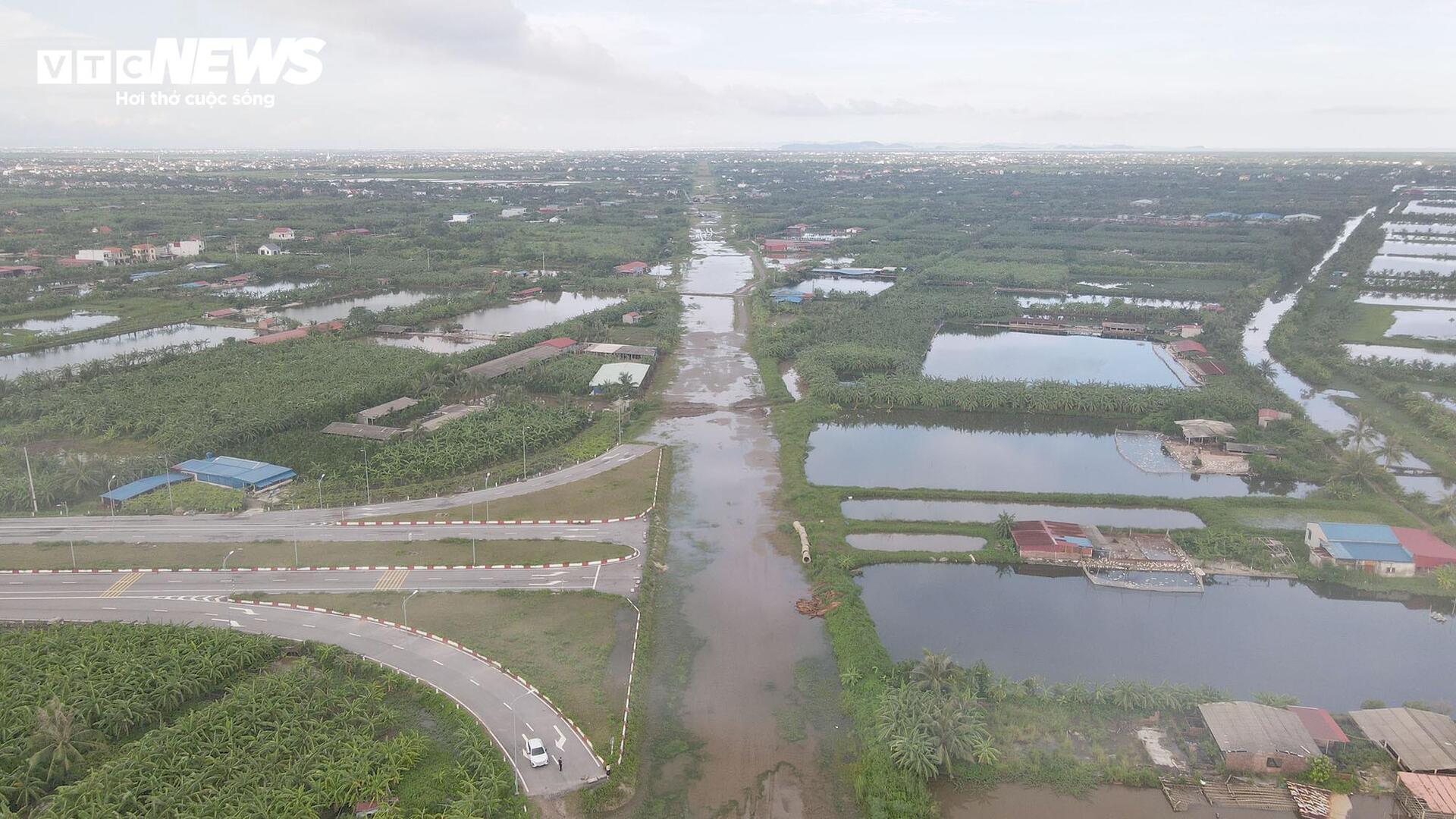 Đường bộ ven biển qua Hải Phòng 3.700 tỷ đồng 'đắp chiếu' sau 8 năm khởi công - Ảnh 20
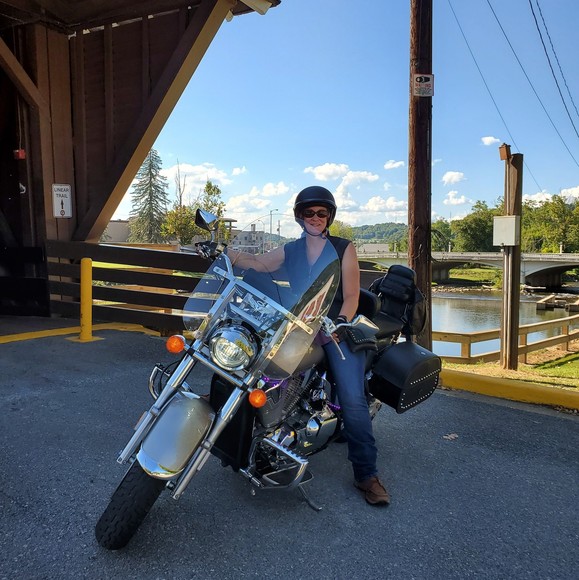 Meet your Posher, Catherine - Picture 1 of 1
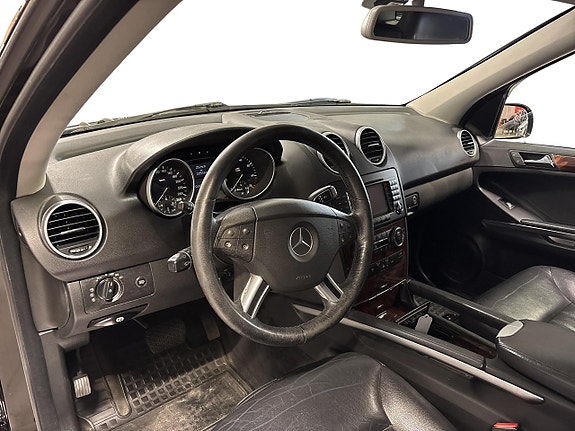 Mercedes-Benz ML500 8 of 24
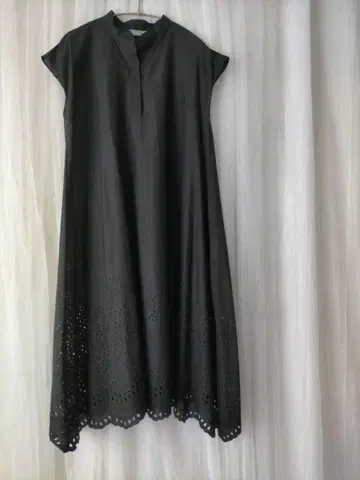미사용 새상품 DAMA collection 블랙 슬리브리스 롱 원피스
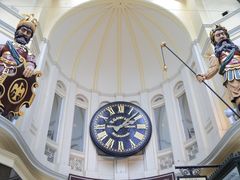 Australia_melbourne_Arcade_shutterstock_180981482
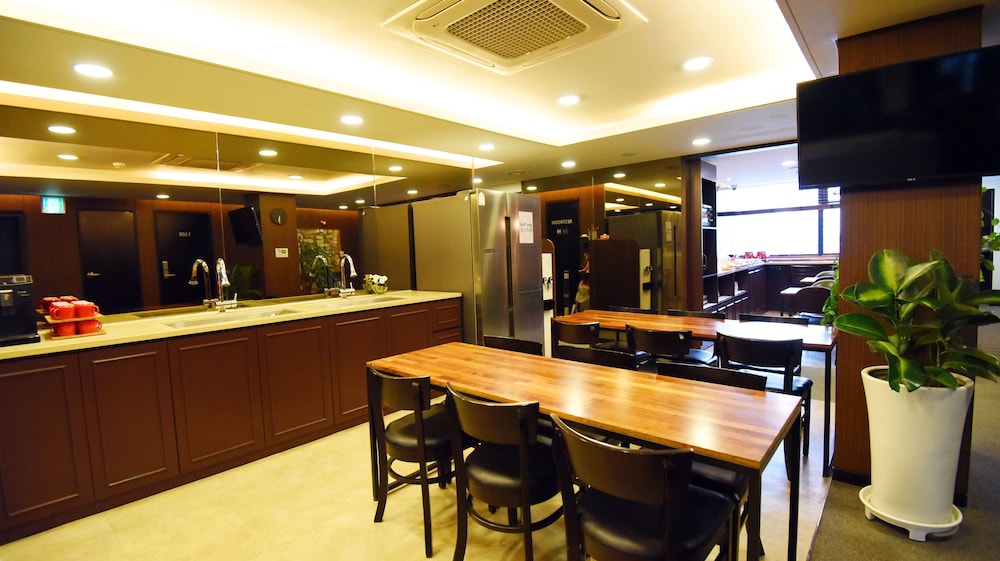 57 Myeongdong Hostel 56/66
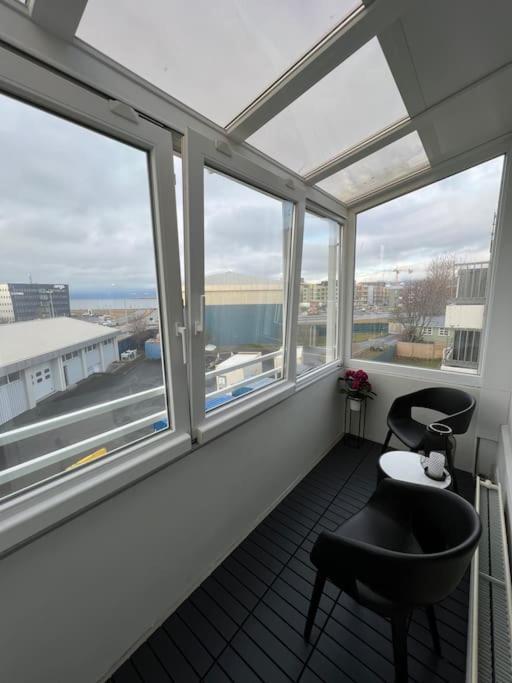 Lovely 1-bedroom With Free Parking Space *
════
Task statement: Leave out the pictures and copy everything else in the records word for word.

Solution:
 Đường bộ ven biển qua Hải Phòng 3.700 tỷ đồng 'đắp chiếu' sau 8 năm khởi công - Ảnh 20
 Meet your Posher, Catherine - Picture 1 of 1
 Mercedes-Benz ML500 8 of 24
미사용 새상품 DAMA collection 블랙 슬리브리스 롱 원피스
 Australia_melbourne_Arcade_shutterstock_180981482
 57 Myeongdong Hostel 56/66
 Lovely 1-bedroom With Free Parking Space *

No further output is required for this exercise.